- [WHAT YOU NEED TO DO]: In the entries below, find the line containing "Southam Natural Script font" and the line containing "F-89 SCORPION IN". Copy those two lines and everything between them exactly, without the pictures.

- [DATA TO PROCESS]:
------------
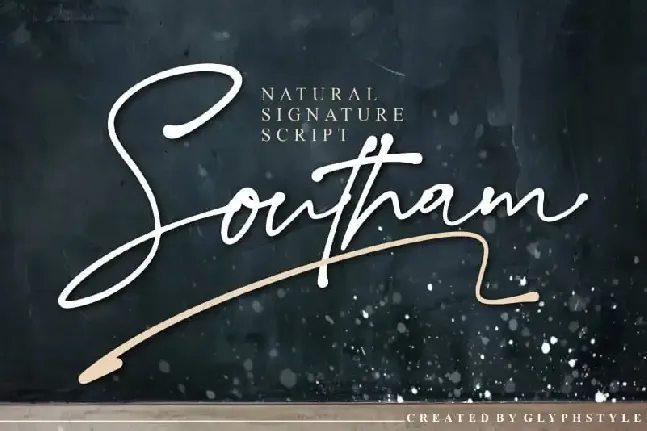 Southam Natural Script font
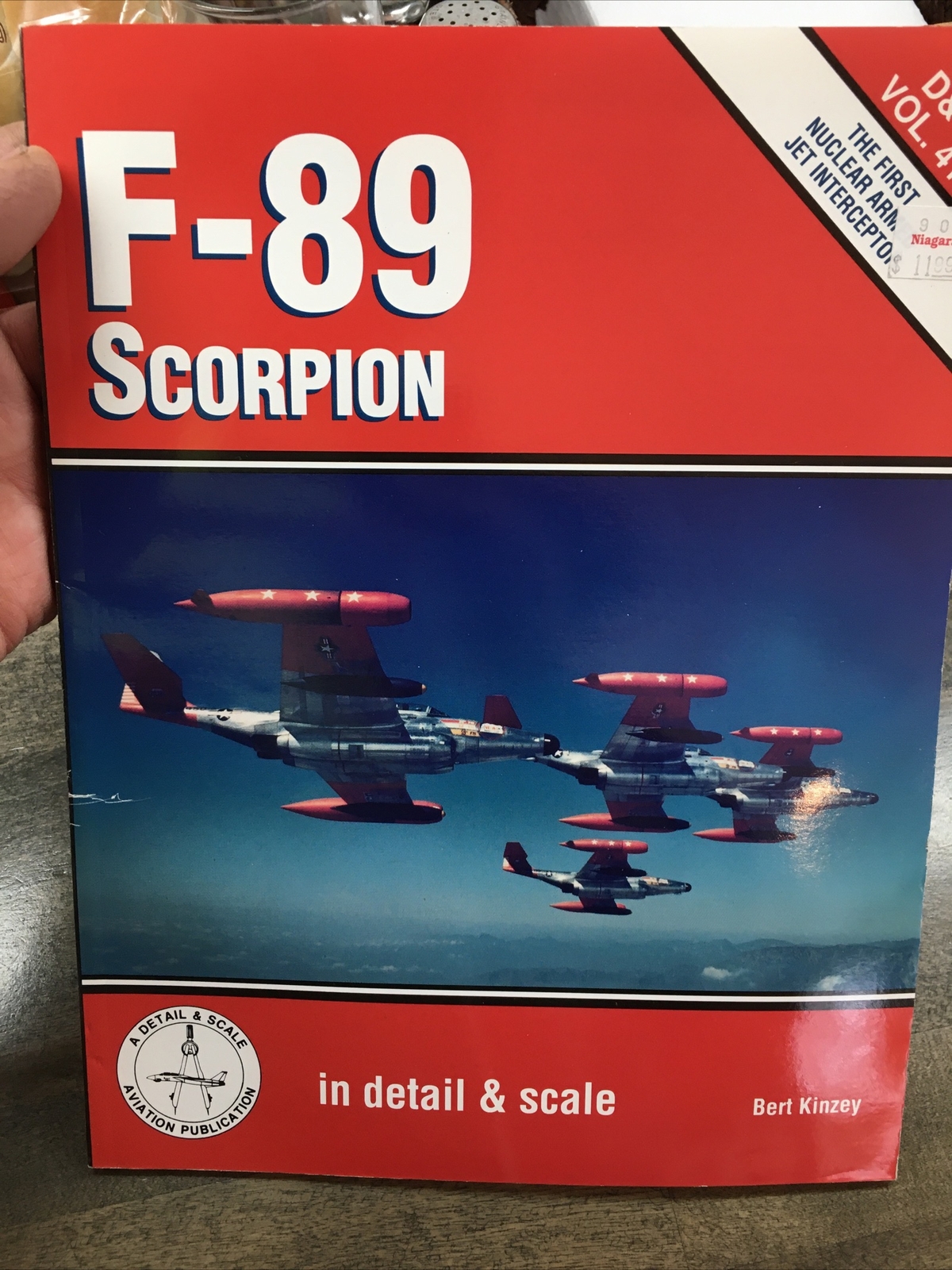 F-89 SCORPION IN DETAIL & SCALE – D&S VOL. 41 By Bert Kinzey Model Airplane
------------
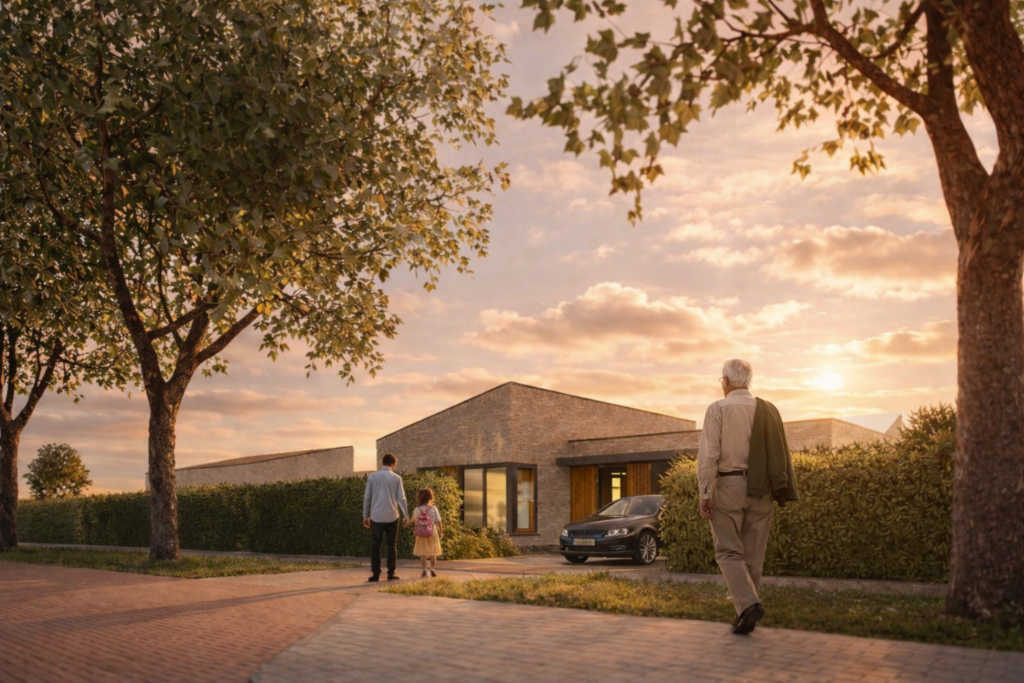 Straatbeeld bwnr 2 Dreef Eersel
------------
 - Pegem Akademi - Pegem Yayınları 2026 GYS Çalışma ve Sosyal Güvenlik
------------
- [SOLUTION TO THIS PROBLEM]:
 Southam Natural Script font
 F-89 SCORPION IN DETAIL & SCALE – D&S VOL. 41 By Bert Kinzey Model Airplane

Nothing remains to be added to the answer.